Think of it as “musicforthealbumafter.” Pete Yorn’s latest release “Day I Forgot” might as well be a continuation of his golden debut, “musicforthemorningafter.” This highly anticipated record picks up where the other left off. “Day I Forgot” is full of Yorn’s signature catchy pop songs that should propel the artist out of the depths of one hit wonderdom and into the main stream.

Pete Yorn is a one-man-band of sorts, playing most of the instruments on the album, including guitar, bass and drums. He is helped by a few other musicians, most notably Peter Buck of REM. The rough sound of the album is a testament to Yorn’s workman-like approach to music.

A band’s second album always seems to be the most scrutinized. “Musicforthemorningafter,” however, was undoubtedly one of the best albums of 2001. It propelled the New Jersey native into the spotlight. Has Yorn built on the foundation of his successful single, “Life on a Chain?” While it is a pleasure to listen to, many have criticized “Day I Forgot” as void of any originality or evidence that Yorn has evolved musically.

However, despite a letdown on expectations, credit is due to Yorn for a well-crafted album. It is up to the listener to ask the question: can you have too much of a good thing? In the case of Yorn’s music, this may not be possible.

Yorn didn’t have to change anything to his sound to make a good album. The result is a record that is packed with energetic pop songs as well as a few slow acoustic ballads. The album is faster-paced than “musicforthemorningafter.” The overall unity of the album has also improved; Yorn seems to build off of each song.

The first full track of the album, “Come Back Home,” is reminiscent of Yorn’s breakout hit “Life on a Chain,” which also was the lead-off track.
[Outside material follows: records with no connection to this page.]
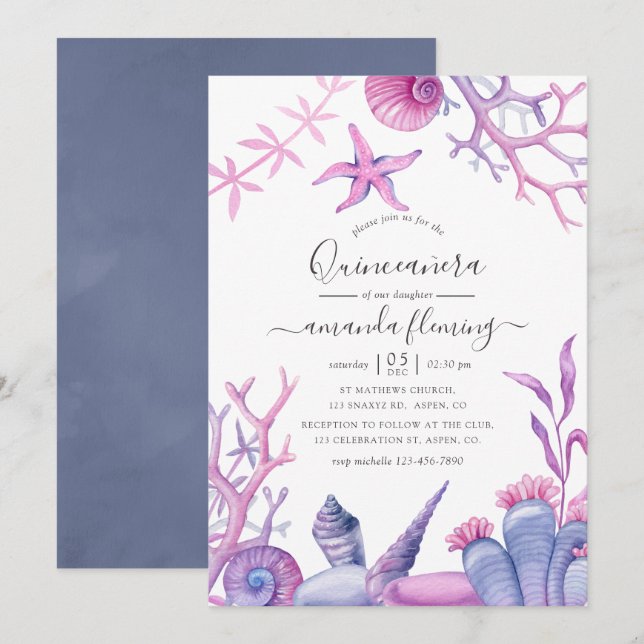 Under the Sea Quinceañera Announcement (Front/Back)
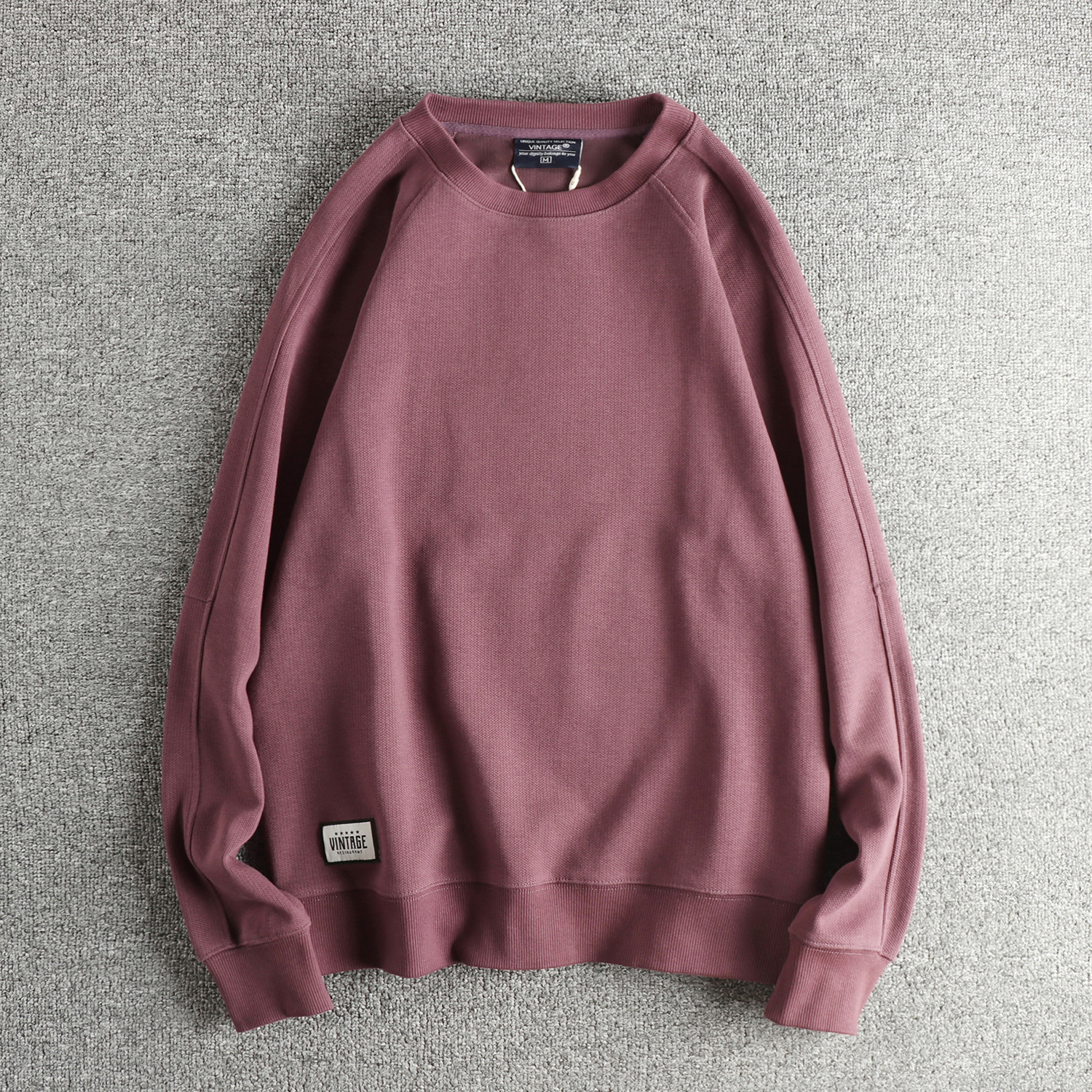 390g欧米粒面料复古男式卫衣 硬朗潮流通勤宽松休闲插肩长袖上衣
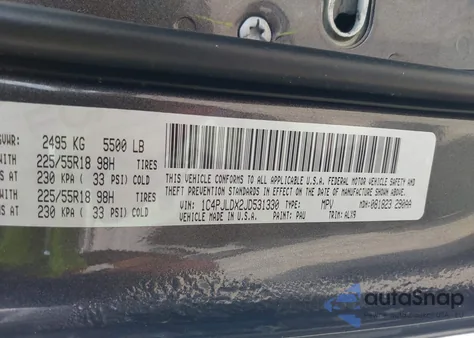 2018 Jeep Cherokee Limited Fwd z USA, uszkodzony, nr VIN 1C4PJLDX2JD531330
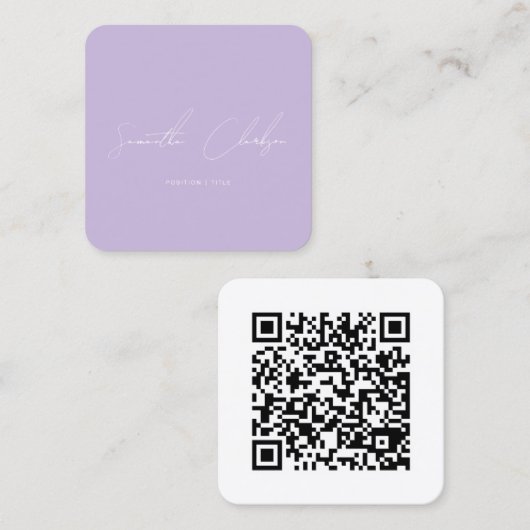 Moderne Blush Paarse Handgeschreven Script QR Code Vierkante Visitekaartje (Voorkant / Achterkant)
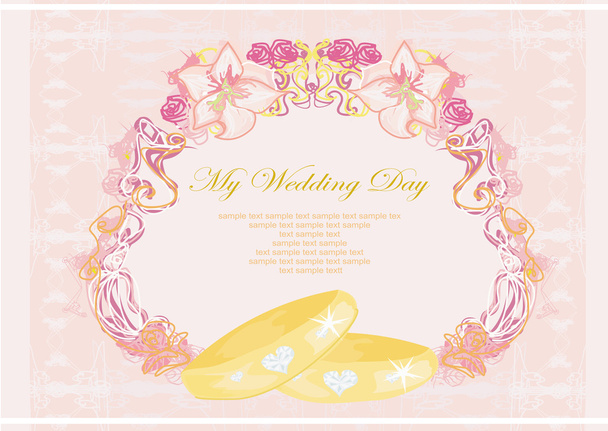 Wedding Invitation card with rings - Vektor, kép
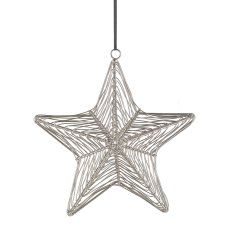 Metal wire hanger, star, 3D, 21x21x8cm, silver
Yorn belts out the chorus, “You know you’re strong enough,” and the listener gets the feeling that it is the first time he has ever really opened his mouth to sing.

One of the better songs on the CD is the charmingly upbeat third track, “Crystal Village.” The song blends an acoustic guitar with strong harmonic electric chords. Yorn yearns for things to be as good as they were “in the beginning.”

“Committed” is another standout song, separated by its slower tempo and unusual key. “Long Way Down” and “Man in Uniform” are two other great songs on the album.

Bottom line, if you liked Pete Yorn’s first CD, you’ll have no problem with “Day I Forgot.” It is an energetic album, which combines catchy beats and guitar riffs that are very easy to listen to.

In the introduction to the album, Pete Yorn says, “Now I’m me this time.” However, Yorn has not changed since the morning broke on his career and that seems to be working out just fine.